To confirm the predictability of outputs at temperature 0.0, six learning points were used to generate three consecutive outputs without interval prompt modification. These 18 items were evaluated by a consensus panel of five authors against the scoring rubric, then independently reviewed by another author. The results of this variability testing are given in Appendix 2.
References
The veracity of the references generated by GPT-4 to support the generated feedback, were also evaluated from the 18 ‘variability testing’ items. These were evaluated against the criteria: ‘The references included were real, relevant to the MCQ, formatted, and peer-reviewed.’ The items were scored on a scale of 1 (entirely does not meet criteria), 2 (mostly does not meet criteria), 3 (mostly meets criteria), to 4 (entirely meets criteria). Specific inaccuracies in the references were documented.
Item appraisal - consensus panel scoring
All items, AI and human-generated, were pooled and then evaluated in random order by a consensus panel of five authors blinded to the origin of the item using the prespecified scoring rubric. One duplicate item was identified and excluded.
Examples of a novice, expert, and AI-generated item used in this study are presented in Appendix 3.

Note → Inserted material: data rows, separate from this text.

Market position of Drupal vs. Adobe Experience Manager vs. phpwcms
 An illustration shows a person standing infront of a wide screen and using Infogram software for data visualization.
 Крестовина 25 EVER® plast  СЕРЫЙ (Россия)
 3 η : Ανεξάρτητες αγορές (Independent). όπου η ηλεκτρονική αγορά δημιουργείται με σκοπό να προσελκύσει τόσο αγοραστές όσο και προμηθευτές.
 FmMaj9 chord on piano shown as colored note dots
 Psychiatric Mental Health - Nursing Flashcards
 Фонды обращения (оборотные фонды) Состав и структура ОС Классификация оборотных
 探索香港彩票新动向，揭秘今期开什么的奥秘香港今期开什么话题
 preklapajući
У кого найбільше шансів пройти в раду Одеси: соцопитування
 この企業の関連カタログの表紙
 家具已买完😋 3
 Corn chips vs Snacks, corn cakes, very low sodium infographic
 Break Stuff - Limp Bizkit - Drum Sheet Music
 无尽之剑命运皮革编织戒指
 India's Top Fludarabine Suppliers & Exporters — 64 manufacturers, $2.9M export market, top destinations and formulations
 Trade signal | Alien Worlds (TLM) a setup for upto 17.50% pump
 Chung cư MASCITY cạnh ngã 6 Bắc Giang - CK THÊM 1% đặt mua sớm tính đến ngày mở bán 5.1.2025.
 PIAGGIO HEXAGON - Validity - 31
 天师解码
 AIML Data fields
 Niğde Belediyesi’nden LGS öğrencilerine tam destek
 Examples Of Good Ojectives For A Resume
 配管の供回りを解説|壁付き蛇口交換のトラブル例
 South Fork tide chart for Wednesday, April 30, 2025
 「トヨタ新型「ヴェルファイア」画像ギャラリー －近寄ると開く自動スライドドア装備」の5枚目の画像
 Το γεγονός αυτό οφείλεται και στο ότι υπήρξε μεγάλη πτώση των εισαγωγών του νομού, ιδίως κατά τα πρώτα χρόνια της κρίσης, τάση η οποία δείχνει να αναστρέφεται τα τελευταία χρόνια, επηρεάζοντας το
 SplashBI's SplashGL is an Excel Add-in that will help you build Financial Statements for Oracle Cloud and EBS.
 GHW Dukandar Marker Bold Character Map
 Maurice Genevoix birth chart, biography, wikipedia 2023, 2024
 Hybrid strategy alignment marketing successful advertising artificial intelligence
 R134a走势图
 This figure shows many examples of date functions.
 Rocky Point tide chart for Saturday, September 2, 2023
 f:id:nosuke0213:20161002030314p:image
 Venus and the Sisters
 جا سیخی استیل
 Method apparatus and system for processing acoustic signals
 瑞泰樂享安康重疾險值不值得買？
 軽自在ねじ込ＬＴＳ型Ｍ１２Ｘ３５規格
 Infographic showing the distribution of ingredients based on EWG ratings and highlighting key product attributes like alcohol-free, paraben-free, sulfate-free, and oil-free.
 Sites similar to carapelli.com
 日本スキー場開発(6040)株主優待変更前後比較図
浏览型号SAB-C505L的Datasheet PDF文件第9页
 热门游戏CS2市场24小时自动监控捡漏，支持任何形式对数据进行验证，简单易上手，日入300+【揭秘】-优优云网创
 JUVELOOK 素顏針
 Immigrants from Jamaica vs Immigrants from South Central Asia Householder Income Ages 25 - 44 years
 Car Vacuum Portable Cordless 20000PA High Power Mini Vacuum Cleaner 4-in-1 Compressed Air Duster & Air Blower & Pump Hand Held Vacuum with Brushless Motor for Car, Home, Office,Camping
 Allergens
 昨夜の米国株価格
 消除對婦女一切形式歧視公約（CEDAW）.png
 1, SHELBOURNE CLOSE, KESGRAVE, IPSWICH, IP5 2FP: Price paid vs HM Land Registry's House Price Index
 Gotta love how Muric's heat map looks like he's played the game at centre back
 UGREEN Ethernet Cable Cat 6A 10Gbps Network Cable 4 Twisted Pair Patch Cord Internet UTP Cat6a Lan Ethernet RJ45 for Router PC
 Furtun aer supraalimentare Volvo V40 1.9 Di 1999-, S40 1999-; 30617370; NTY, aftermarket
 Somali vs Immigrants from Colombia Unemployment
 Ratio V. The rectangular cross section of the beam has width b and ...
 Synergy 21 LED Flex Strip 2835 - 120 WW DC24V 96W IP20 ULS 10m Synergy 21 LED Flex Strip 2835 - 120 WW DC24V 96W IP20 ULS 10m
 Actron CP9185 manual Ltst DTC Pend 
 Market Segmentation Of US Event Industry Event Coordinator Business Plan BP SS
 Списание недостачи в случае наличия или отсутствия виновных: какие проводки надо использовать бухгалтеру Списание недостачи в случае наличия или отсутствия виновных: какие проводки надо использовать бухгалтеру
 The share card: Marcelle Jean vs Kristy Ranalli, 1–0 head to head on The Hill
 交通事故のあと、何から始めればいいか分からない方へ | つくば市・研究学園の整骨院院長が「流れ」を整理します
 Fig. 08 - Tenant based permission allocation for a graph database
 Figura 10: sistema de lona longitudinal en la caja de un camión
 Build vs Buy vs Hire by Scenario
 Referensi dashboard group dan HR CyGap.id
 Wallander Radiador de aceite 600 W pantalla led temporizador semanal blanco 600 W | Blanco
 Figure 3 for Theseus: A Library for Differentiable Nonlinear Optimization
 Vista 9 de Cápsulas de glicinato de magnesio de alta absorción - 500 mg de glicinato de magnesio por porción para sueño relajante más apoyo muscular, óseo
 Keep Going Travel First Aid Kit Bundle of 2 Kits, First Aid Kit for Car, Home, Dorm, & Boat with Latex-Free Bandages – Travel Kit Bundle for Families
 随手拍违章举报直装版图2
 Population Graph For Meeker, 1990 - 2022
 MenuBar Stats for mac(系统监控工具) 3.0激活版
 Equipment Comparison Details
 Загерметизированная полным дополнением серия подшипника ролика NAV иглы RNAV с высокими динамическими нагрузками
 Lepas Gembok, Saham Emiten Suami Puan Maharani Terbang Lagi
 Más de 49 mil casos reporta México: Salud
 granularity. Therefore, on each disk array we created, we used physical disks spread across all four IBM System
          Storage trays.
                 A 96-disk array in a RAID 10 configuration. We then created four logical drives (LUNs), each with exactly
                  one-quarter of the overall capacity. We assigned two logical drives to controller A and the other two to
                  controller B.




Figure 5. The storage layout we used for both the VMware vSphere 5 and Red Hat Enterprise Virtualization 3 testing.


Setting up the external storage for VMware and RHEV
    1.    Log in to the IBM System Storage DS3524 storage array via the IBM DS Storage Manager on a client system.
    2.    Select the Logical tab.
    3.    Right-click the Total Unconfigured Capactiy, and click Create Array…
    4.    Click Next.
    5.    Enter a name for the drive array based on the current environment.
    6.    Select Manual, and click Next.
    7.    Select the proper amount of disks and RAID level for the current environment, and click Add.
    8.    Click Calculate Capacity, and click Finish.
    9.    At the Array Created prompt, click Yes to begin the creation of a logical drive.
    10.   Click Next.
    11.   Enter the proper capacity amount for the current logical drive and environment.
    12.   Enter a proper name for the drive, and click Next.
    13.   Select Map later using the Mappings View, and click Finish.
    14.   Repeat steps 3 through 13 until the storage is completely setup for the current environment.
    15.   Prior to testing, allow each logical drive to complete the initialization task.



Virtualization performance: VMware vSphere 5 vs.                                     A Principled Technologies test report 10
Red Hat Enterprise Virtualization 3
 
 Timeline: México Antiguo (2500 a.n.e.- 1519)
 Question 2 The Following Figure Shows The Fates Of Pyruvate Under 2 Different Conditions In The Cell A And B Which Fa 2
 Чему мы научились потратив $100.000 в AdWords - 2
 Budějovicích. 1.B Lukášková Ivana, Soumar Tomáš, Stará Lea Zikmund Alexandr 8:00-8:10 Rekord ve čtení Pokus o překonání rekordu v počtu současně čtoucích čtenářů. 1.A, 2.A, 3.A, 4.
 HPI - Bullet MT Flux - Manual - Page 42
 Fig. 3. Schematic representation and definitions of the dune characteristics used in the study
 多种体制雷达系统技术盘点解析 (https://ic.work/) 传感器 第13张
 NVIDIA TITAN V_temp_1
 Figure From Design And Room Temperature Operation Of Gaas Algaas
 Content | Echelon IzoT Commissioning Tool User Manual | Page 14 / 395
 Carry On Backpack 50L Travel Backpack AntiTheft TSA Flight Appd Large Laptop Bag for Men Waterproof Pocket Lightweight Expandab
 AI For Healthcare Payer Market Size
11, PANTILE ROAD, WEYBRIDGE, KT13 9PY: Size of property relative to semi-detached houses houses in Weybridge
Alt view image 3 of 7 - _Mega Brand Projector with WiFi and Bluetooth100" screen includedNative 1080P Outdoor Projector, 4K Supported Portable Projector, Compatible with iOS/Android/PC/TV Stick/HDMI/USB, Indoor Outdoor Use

The panel, by majority vote, also recorded their prediction for whether the item was authored by a novice, expert, or GPT-4.
Ethics approval
This project received approval from the University of Adelaide Human Research Ethics Committee (HREC-2023-285).
Data analysis
There was no identifiable data involved in this study. Mean scores for measures of item quality between author types were compared using ANOVA with post-hoc Bonferroni or Tamhane tests as appropriate (the latter was used where the largest variance was at double or higher compared to the lowest). The distribution of the global impression scores (including and excluding feedback) were tallied and presented as a percentage of items. The distribution of item-writing flaws and cognitive skill level were tallied by author type. Summary descriptions are provided for the frequency of correct answer identification and placement, and assessments of quality of referencing. A p value <0.05 was considered significant.